After the UK referendum on EU membership in 2016, the Attorney General for Ireland declared in 2017 that UK firms providing audit services into Ireland would no longer sit on the Irish audit register after Brexit. Shortly after this announcement, IAASA asked the RABs, including ICAEW, to advise firms on the steps necessary to recognise potential outcomes from a no-deal Brexit which, given the Attorney General’s declaration, meant some firms making contingency provision to move their audits to another firm based in the Republic of Ireland. During the following eighteen months, the number of firms reporting audit clients in the Republic of Ireland dropped from 100 to 50 as firms made plans ahead of the final outcome of the Brexit negotiations.

In recognition of the falling level of Irish audits, we required firms from January 2020 to opt-in for the first time if they wanted to hold Irish audit registration and to make a formal application for the firm (and separate applications for each proposed Irish responsible individual (RI)) demonstrating the competency levels expected by IAASA. As a result of this opt-in process, the number of Irish firms registered by ICAEW dropped from c. 2,700 to fewer than 40.

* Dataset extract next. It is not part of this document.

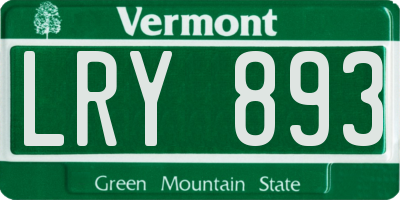 VT license plate LRY893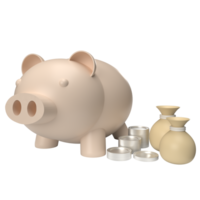 el cerdito banco y dinero bolso png 3d hacer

The completion of Brexit has resulted in changes in eligibility for audit registration in both the UK and Ireland. In the UK, these were enacted through SI177 in January 2019 while the Irish government has yet to make any statutory change. As the position had become complicated, a decision was taken to separate the Audit Regulations for both countries and, in January 2021, new Audit Regulations were published for the UK only. While the Audit Regulations for the Republic of Ireland remain the same as those issued in January 2020, guidance issued by IAASA has indicated that some of the tests for eligibility are more nuanced post Brexit, recently illustrated by our recent guidance to firms that the ownership tests were more limited in their scope. As over 30 of the remaining ICAEW firms on the Irish Audit Register have only one audit, we are anticipating that most firms will surrender their audits rather than restructure their boards.

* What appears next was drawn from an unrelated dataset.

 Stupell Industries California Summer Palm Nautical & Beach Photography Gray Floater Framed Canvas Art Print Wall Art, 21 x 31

Consideration of revocation by the ICAEW Regulatory Board and the ICAEW Board

The ICAEW Regulatory Board considered during 2020 the increasing issues raised by the divergence of law and standards and third country statutory obligations, including the dwindling number of ICAEW registered firms on the Irish Audit Register and the likelihood of this reducing further. It was also cognisant of the tension caused by changes it wished to make to the ICAEW bye-laws and regulations and the need for all such arrangements to satisfy IAASA despite the limited amount of work falling within the scope of the bye-laws / regulations.

In December 2020, after IAASA indicated it thought ICAEW should consider a possible revocation of its RAB status, the issue was considered by both the ICAEW Regulatory Board and ICAEW Board and a decision was made to confirm ICAEW’s agreement to start a process to revoke its RAB status, which will also lead automatically to the revocation of ICAEW’s Prescribe Accountancy Body (PAB) status.